I listened to the whisper that was calling from deep inside my soul. I listened to the chaotic noise that was swirling around in my head. I listened to the quiet space in between.
I noticed all the judgment, the criticism, the shame, the fear, the anxiety, and the uncertainty that was buried deep in my thoughts. I noticed the pain in my body and the suffering I had created for myself. I noticed where things felt heavy and dense.
I noticed, and I listened … to all of it.
I let the layers fall off. I cried, I slept, I sat in silence.
I found myself being directed to deep spiritual work, to the texts and the works of various spiritual teachers. I was drawn into A Course in Miracles, The Tao te Ching, and writings from Hafiz, Muktananda, Neville Goddard, and Rumi.
I also found myself going back to teachings from Dr. Wayne Dyer, Reverend Michael Beckwith, Marianne Williamson, Gabby Bernstein, Pema Chödrön, Danielle LaPorte, Gary Zukav, Michael Singer, Florence Scovel Shinn, and Joseph Benner.
I read, and I read, and I read some more. In fact, I actually got lost in mentor’s teachings, in the work of spiritual teachers before me. I went deep and retreated away from the world.
I found myself feeling at odds with my natural tendencies, my usual ways of pushing back. That space where I would hustle harder, grind longer, and I would overcome any lull or place where I felt unmotivated or disengaged.
The old me would fight back, would dig deep, and would find a way to overcome the challenge of the resistance dropping in. I would rely on my tried-and-true masculine energy that knew how to “get things done.”

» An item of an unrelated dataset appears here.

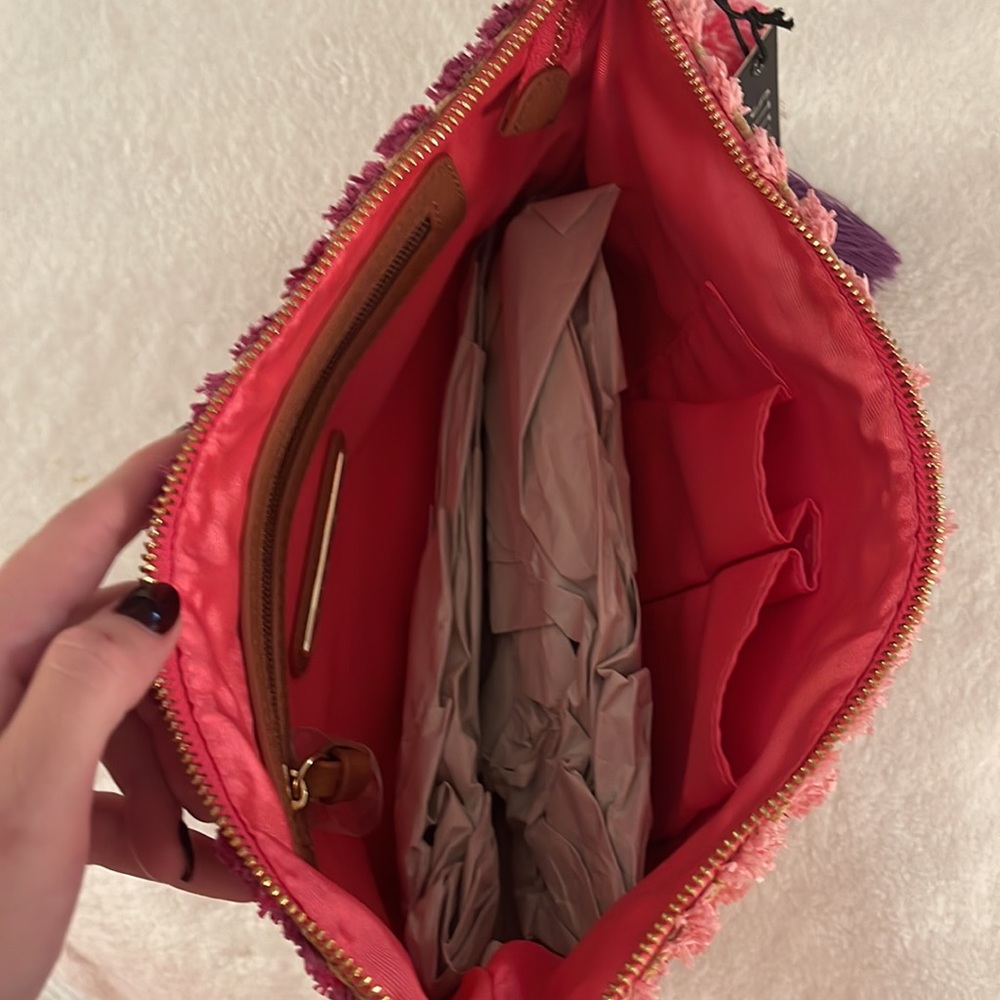 Fun Clutch - Picture 3 of 3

I would hunker down and just do more.
Yet, that wasn’t what was presenting. That isn’t what I needed this time. In fact, I found myself actually repelled by anything carrying overly aggressive masculine energy or the push to “just do more.” I found myself having visceral reactions to my former ways of doing things, to typical marketing strategies and sales techniques, and all the should-ing from others around me.
Because what was calling was so much softer. It was my own inner Divine feminine asking for the space and grace to lead. She was seeing things from a brand new perspective, and I was letting my heart lead fully and powerfully.
My Divine feminine energy was seeking expression of her voice, and asking me to fully surrender and allow myself the deepest level of nourishment. So, I leaned in. I gave this untapped energy my full attention, and I began to get out of my own way.
What transpired has been truly beautiful to witness. I got to watch and embrace my own level of softness, the stillness within. I was able to give myself permission to just be, to allow the flow to move about me and within me.
I quieted down for the first time in a long time.
And, in the quiet space, the shift has taken me to new levels. I am learning how to beautifully and powerfully dance between both my Divine feminine and Divine masculine energies. I see the wonder in how they both are needed, and how they allow me the greatest, truest expression of who I authentically am, and how I get to show up and serve the world.
I realize I get to experience all of it. That we get to experience all of it. That life is not pushing on us … but rather, flowing through us.
That we are not here “to DO” as much as we are here “to BE.”
And, it is in that truth that I am able to lead more, give more, and shine my light more.
For the ability to slow down, to sit in the stillness, and listen to our own soul is the greatest opportunity before us. It requires space and restoration to allow our own journey in opening to grace to unfold. For as we learn to be still and to really listen, we also learn to expand until there are no edges and stand fully in our truth.
The greatest freedom is being able to live your truth completely.
How are you allowing what needs to flow guide you to your truth? How are you taking time to restore and create real WELLth for yourself? How are you learning to be still and listen to the whisper of softness from within?
Your inner voice is asking to be expressed, your purest light the ability to shine, and your truth to be activated as your inner due north. The time is now, my friend. The time is now.